A few months ago Brian Beach, a Distinguished Engineer at cloud backup joint Backblaze, published a set of study-like blog postings relating their experiences with hard drive lifespan in their 25,000 plus spindle environment.
The blogs garnered quite a bit of interest due to the subject matter, and provocative titles like: “How Long Do Hard Drives Last?” “Enterprise Drives: Fact or Fiction?” and “What Hard Drive Should I Buy?” The blogs raise interesting questions and put forward controversial conclusions.
One of most contentious claims came from the first blog (Simon Sharwood covers it here) in which Beach asserts that consumer-grade hard drives are actually more reliable than their supposedly industrial strength (and definitely more pricey) enterprise cousins.

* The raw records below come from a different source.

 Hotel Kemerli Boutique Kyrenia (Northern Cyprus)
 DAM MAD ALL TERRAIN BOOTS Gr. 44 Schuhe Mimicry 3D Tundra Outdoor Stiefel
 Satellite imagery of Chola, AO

According to their research, enterprise drives failed at an annual rate of 4.6% vs. 4.2% for the consumer versions.
The bottom line, according to Beach, is that consumer drives are a better choice (even after factoring in the longer enterprise warranty) due to their higher reliability and lower cost.

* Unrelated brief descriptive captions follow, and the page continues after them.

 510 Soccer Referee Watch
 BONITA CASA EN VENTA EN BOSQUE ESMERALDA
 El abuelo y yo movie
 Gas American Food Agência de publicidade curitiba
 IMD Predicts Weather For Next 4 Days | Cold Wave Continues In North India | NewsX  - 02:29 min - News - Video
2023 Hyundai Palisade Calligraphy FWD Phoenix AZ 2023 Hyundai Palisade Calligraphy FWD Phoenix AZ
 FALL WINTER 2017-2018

Even more contentious (or contentiouser?) is the last blog, which showed Backblaze failure rates by drive manufacturer. The results were pretty stark, with an “Annual Failure Rate” chart that showed Hitachi drives at less than 2%; Western Digital spinners at around 3%; and Seagate drives at an astounding 14% for the 1.5TB flavor, ~9% for 3TB, and a still-too-high 3.8% or so for the 4GB version. Yikes! We should stay away from Seagate, then, right?
Not So Fast…
Some digging into the analysis reveals that the foundations underlying the Backblaze conclusions aren’t all that sturdy. Take the data center vs. consumer drive failure rate stat, for example. To compute annual failure rates, Backblaze compares failures per “drive-years of service,” which is the number of each type of drive they have multiplied by years of service – simple, eh?
The problem is that they’re comparing 14,719 drive-years of service on their consumer disks vs. only 368 drive-years of service on data center-grade drives. Overall, the enterprise drives had 17 (4.6%) failures while the consumer drives bricked 613 times (4.2%).

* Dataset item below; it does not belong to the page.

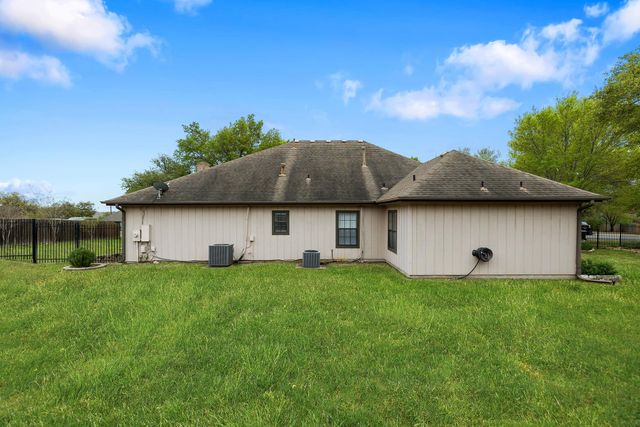 3806 Eagle WAY, Round Rock, TX 78681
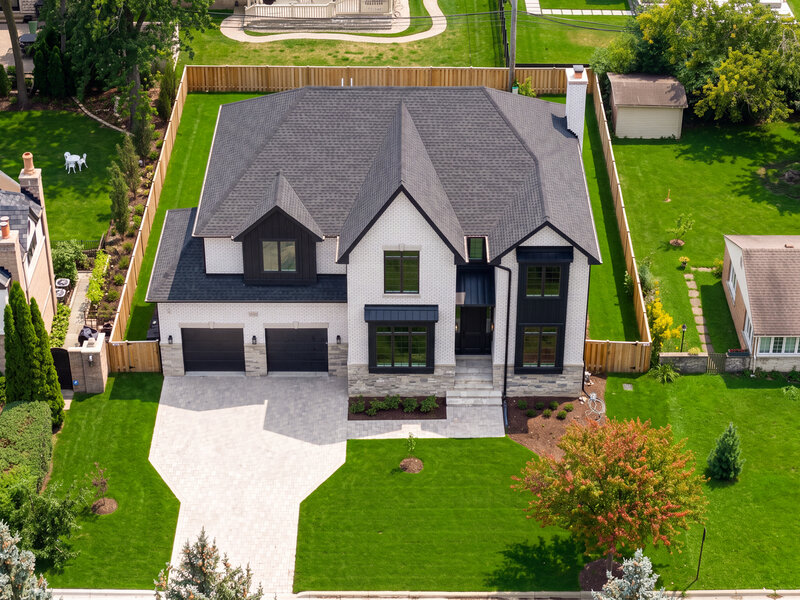 2301 Farrell Avenue Park Ridge IL 60068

This is a damned small sample on the data center drive side of the equation. The difference between 4.2% and 4.6% annual failure rates on 368 drive-years’ worth of service is only 1.5 spindles. So if only two more enterprise drives had survived, the analysis would have shown data center drives to be more reliable than consumer drives.
Moreover, Backblaze has only run the enterprise drives for two years, compared to the more than four years of mileage on their consumer disks. Beach does acknowledge this fact, but doesn’t see any reason to believe that their enterprise drives will become more reliable in the next three years, or to the end of their warranty period.
So What Hard Drive Should I Buy? Tell me, tell me!!
Looking at big, colorful charts tells me that I should avoid Seagate drives like I avoid email from a Nigerian bureaucrat who’s just looking for a bit of help getting some money out of his country.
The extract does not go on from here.